The representation of each mission are is largely based on the inaccurate, fairly primitive and yet charming depictions on this Map, which I consider one of the first pieces of San Antonio art. These representations depict the missions larger than life as a metaphor of their importance to the Spanish venture and in their cultural impact on San Antonio and Texas culture. Also depicted are the Asequias of each mission and the San Antonio River as constants and critical to the missions’ existence. I depict some of them with idealistic, yet historically accurate style, including the original frescos on the San Jose and Concepcion missions. I even recreated the 3-D domes of these two missions using only the acrylic paint, medium and varnish I use in all of my art. Little Espada is depicted as it is today although the people in the painting are from the time of the Map. San Juan is depicted in an idealistic pure white in the background between the two ideas.

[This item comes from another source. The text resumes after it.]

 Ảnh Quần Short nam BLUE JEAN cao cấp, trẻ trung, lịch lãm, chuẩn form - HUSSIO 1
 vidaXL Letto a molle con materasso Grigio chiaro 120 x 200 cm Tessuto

A key feature is the painting, in seasonal progress, the landscapes with as much accuracy as to local vegetation as I could find from Mission Park Rangers and, especially, Alamo Area Texas Master Naturalists who directed me to Confluence Park where original vegetation is beautifully restored.. Ninety percent of these flowers, trees and vegetation were painted in season and on local sites, despite the severe drought in the San Antonio area while I was painting. A naturalist docent at the Witte showed me the magnificent giant Salinas bluebonnet painting there as a representation of how the bluebonnets and landscape probably were during Spanish times. I had to go to Austin to paint a large spread of bluebonnets for the painting of San Jose. The fabulous fields of Indian blankets actually covered the fields at San Juan as depicted in that painting and which I painted on site. The blossoms on fruit trees, brought by the Spanish to Texas, on the painting of Concepcion were mostly painted at San Juan asequia area in early spring because the farms at Concepcion no longer exist. Native Americans as they were dressed in the Spanish Missions are part of this segment. Opposite the Spanish introduced fruit trees I I painted trees and grasses from Confluence Park in February to show how the land was before the Spanish Mission venture, including Native Americans in original clothing.

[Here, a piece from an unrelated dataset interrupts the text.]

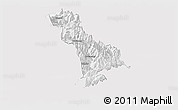 Silver Style Panoramic Map of Thimphu, single color outside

The Alamo painting is a Fall painting and the foliage was painted en plein air at Confluence Park including native oaks and bald cypress which are depicted on the Map. The Great Loop and the position of the Alamo are taken from the Mencheca map and appear simplistic and are, in fact, not accurate positioning’s. But, they are accurate within the world of the map.
I intended to add more of my own family history (I’m a sixth generation Texan) and life in San Antonio via art. But, the story of the missions and the landscape of Texas take center stage. I appear in the San Jose painting realizing my vision of my life as a painter of the San Antonio landscape. There I admire and honor, in this painting the fabulous artists of San Antonio who virtually created its signature art: Mencheca, Pedro Huizar, the identified sculptor of Rosas Window and the beautiful portal into San Jose and San Antonio’s famous bluebonnet painters Porfirio Salinas and Julian Onderdonk. The Alamo painting is the last painting due to the Fall plein air element, Fall appearing late and ephemerally in south central Texas. This painting aspires to have many personal and historical elements which are important to my life which has included the Great Loop area throughout my life and shape this memory driven painting.

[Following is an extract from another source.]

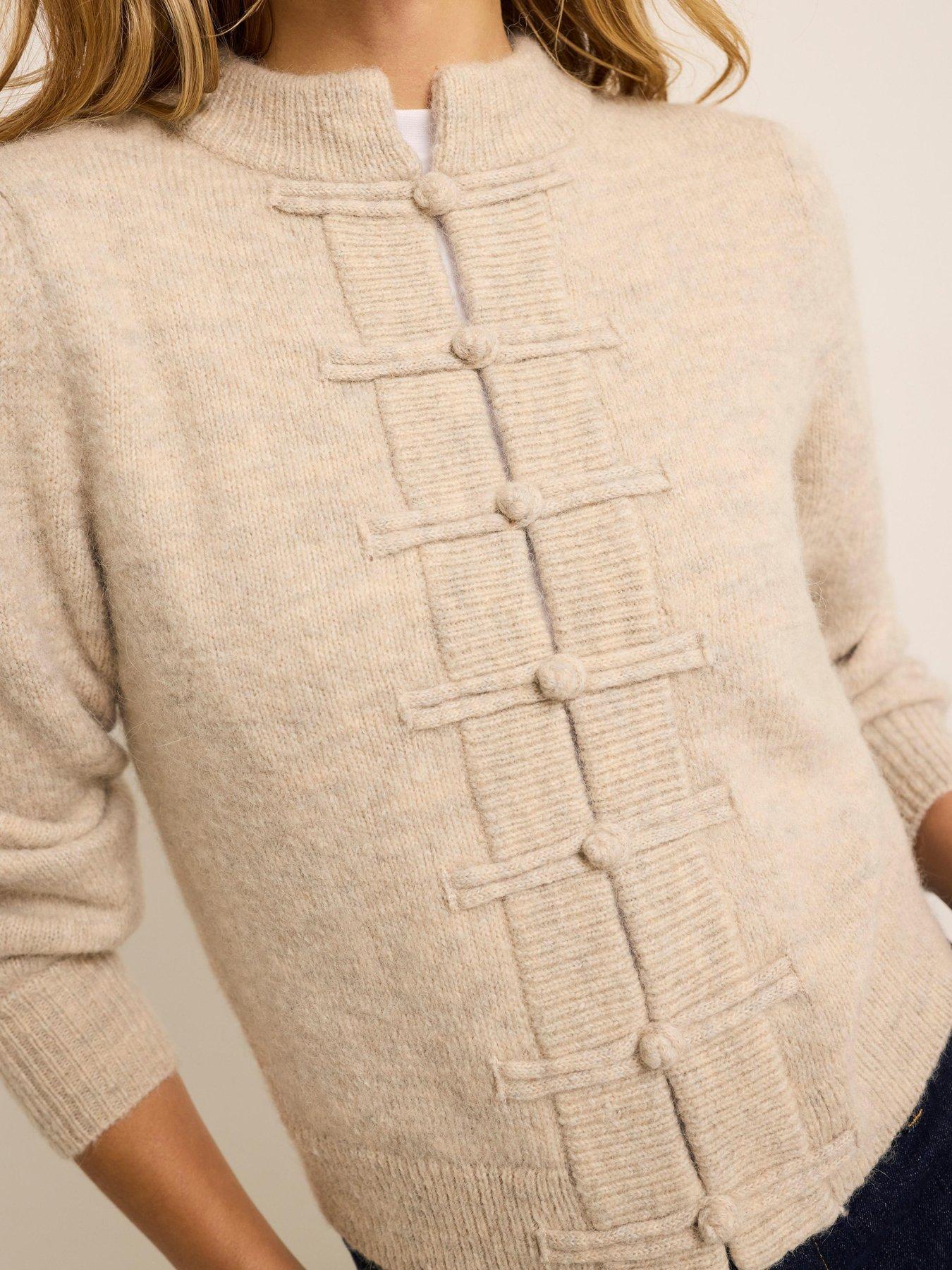 Image 4 of 6 of Mint Velvet Knot Button Detail Cardigan - Cream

I have used the most extensive use of heavy 3-D acrylic texture which is almost like sculpting in paint— I call it super impasto— in any large paintings to date. The paintings are ALL the same artist’s acrylic structure paint, medium and varnish I use in all of my paintings, there is no other support or medium used. This method takes an excruciating amount of time and the vision of these paintings became more involved with the missions themselves, the asequias, the art, the natural landscape of this area. I am very grateful to have gotten the opportunity to try to depict it in a new way due to the Department of Arts and Culture Individual Artist Grants. There are so many naturalists, historians, Park Rangers and others to thank for their assistance.